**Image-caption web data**
┄┄┄┄┄┄┄┄┄┄┄┄┄┄┄┄┄┄┄┄

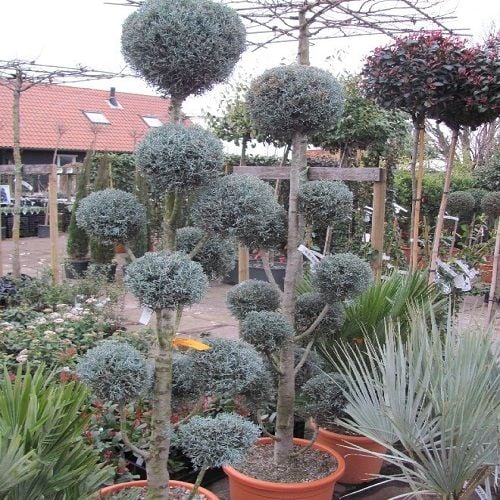 Ponpon Mavi Servi Ağacı Bakımı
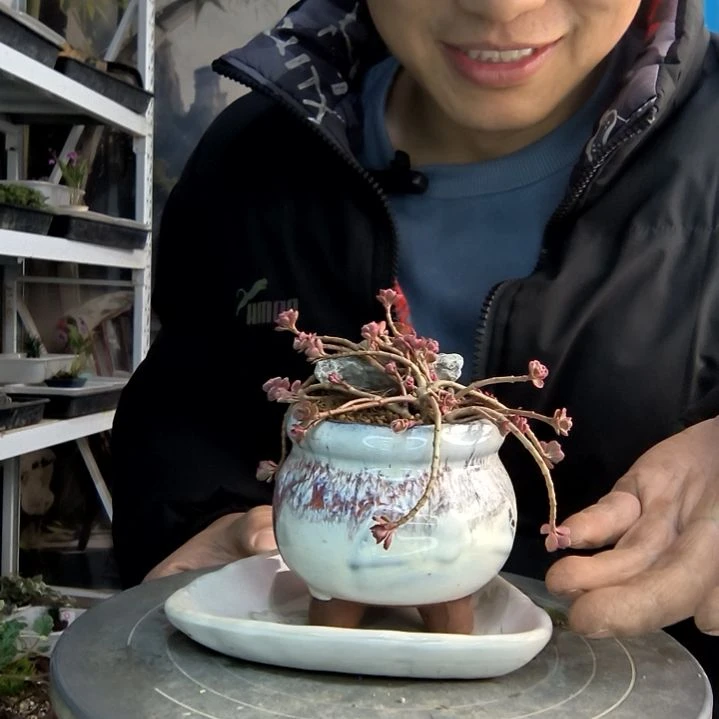 糖*小盆景小植物一物一拍137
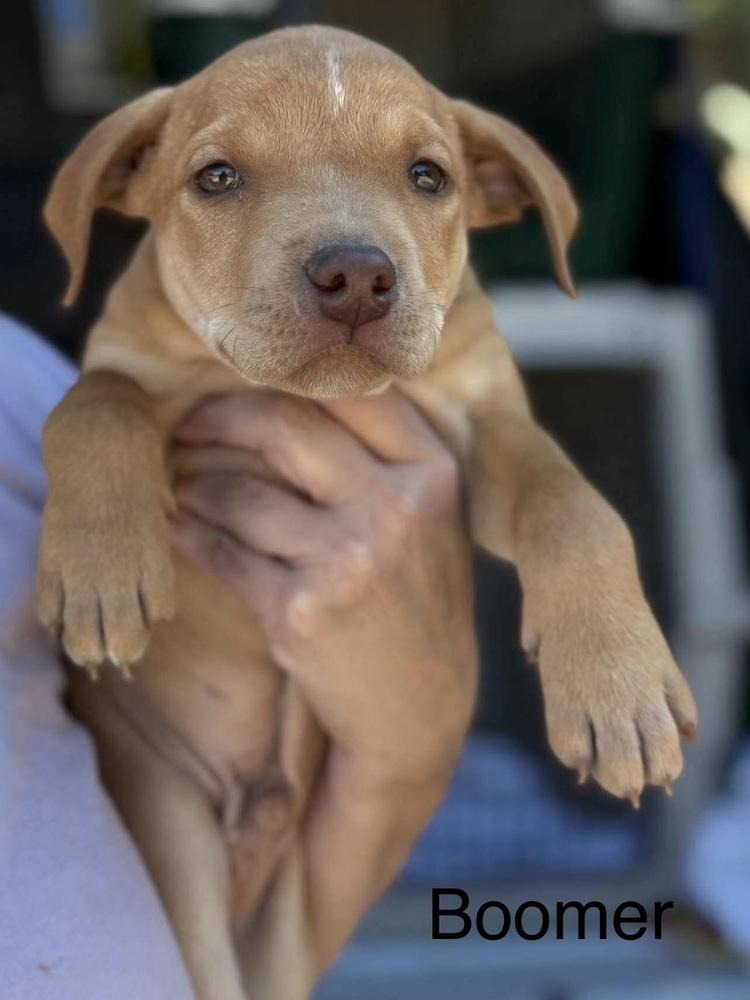 Enlarge Boomer (Seven Wonders 2026), a Adoptable mixed breed in Wenonah, NJ image 3/3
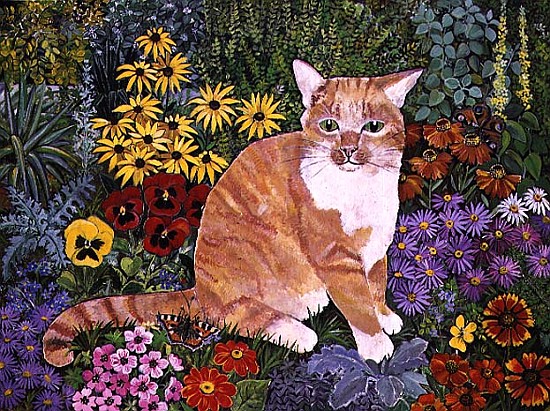 The Carpenter''s Cat  from Hilary  Jones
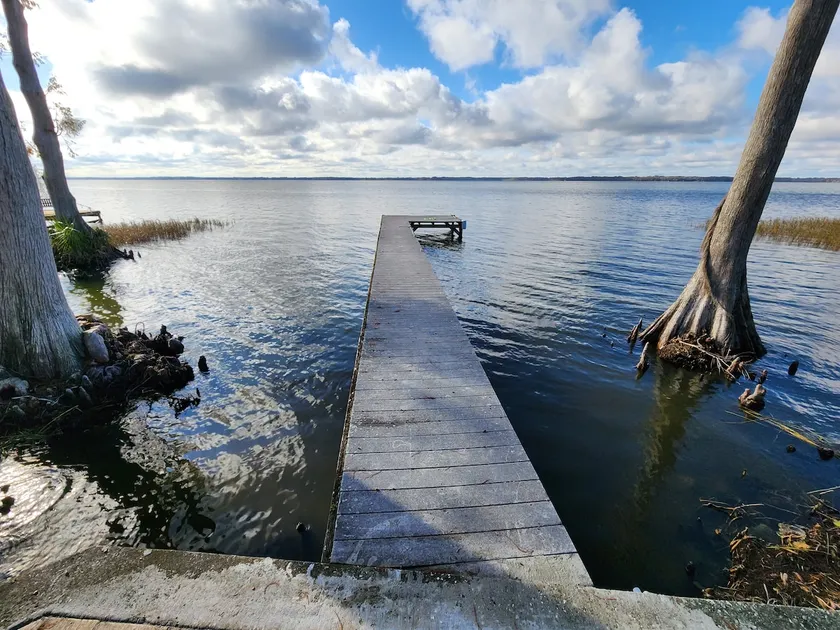 Paradise on Lake Harris Apt #102 - Image 1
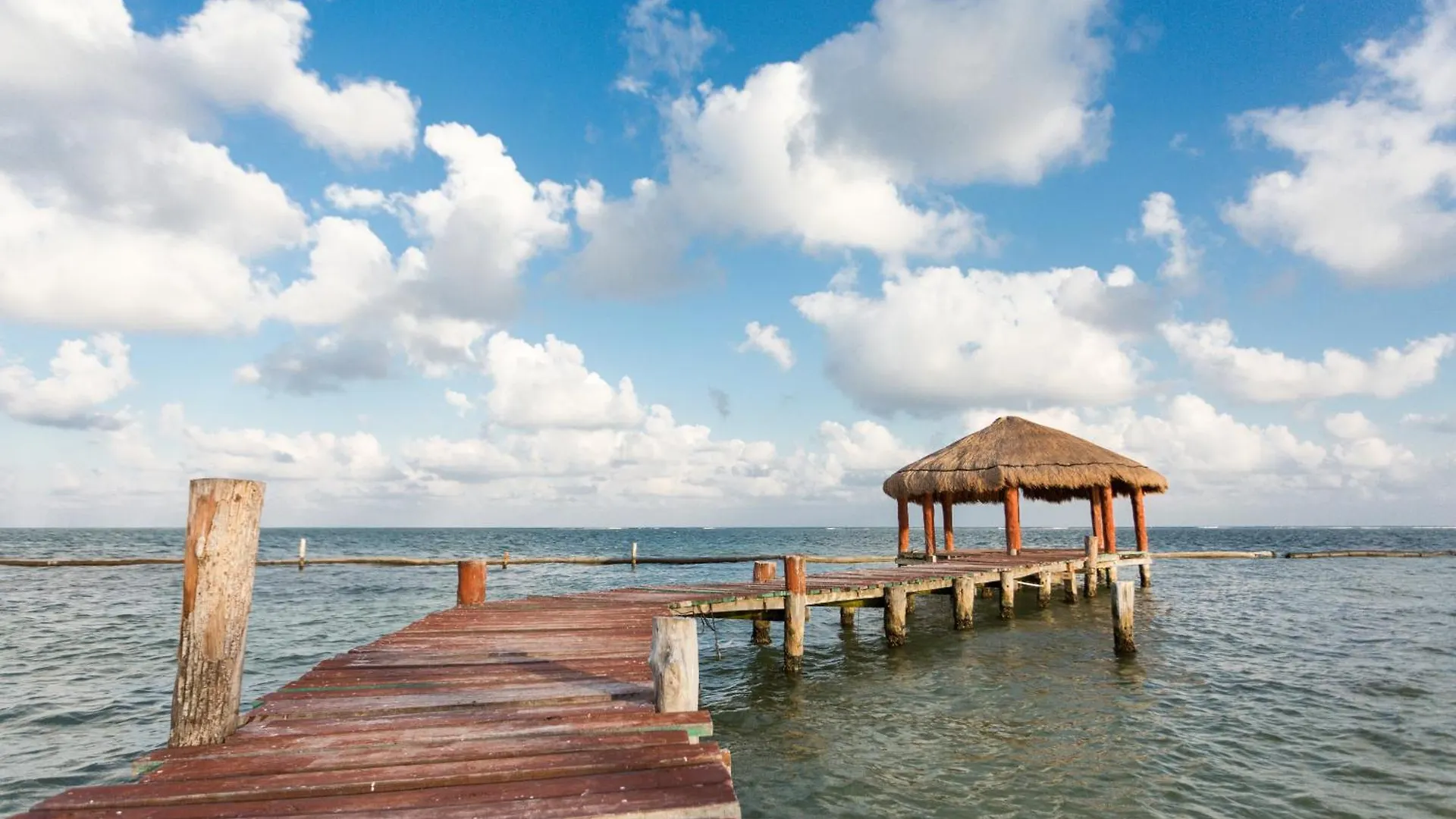 Apartment Villa Alma - Beachfront Exclusive Villa In Cancun By Solmar Rentals Puerto Morelos Mexico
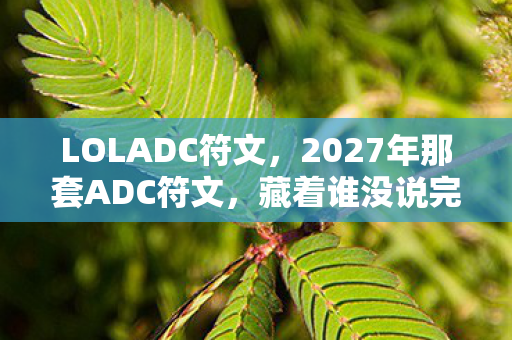 LOLADC符文，2027年那套ADC符文，藏着谁没说完的下次一起，鼻子一酸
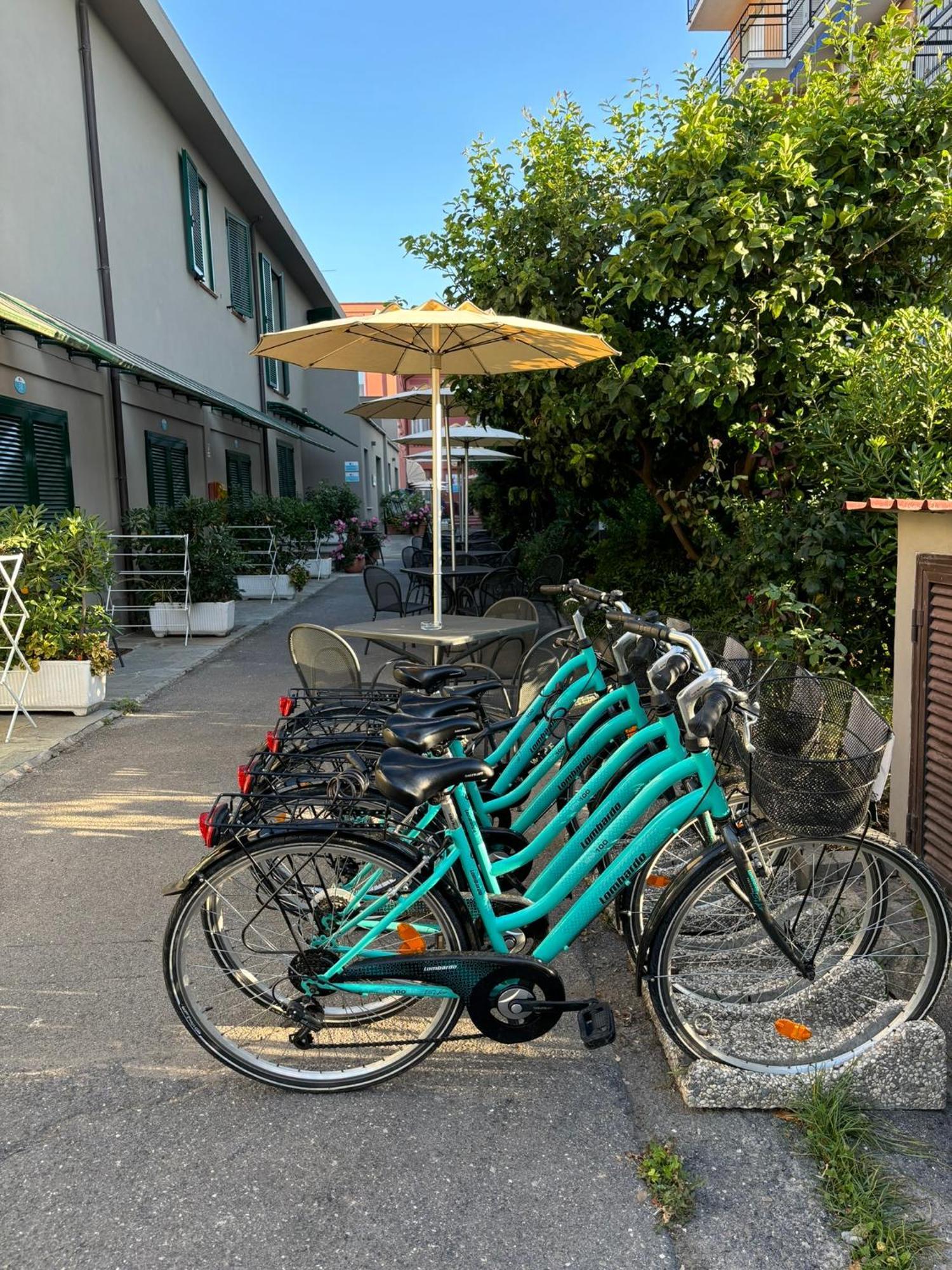 Hotel Delle Rose San Bartolomeo Al Mare Eksteriør billede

┄┄┄┄┄┄┄┄┄┄┄┄┄┄┄┄┄┄┄┄

**WHAT IS BEING ASKED**
Take the line that holds "糖*小盆景小植物一物一拍137" as the start and the last line of the data as the end. Copy only those lines exactly, both ends included, except the pictures.

**RESULT OF THE EXERCISE**
 糖*小盆景小植物一物一拍137
 Enlarge Boomer (Seven Wonders 2026), a Adoptable mixed breed in Wenonah, NJ image 3/3
 The Carpenter''s Cat  from Hilary  Jones
 Paradise on Lake Harris Apt #102 - Image 1
 Apartment Villa Alma - Beachfront Exclusive Villa In Cancun By Solmar Rentals Puerto Morelos Mexico
 LOLADC符文，2027年那套ADC符文，藏着谁没说完的下次一起，鼻子一酸
 Hotel Delle Rose San Bartolomeo Al Mare Eksteriør billede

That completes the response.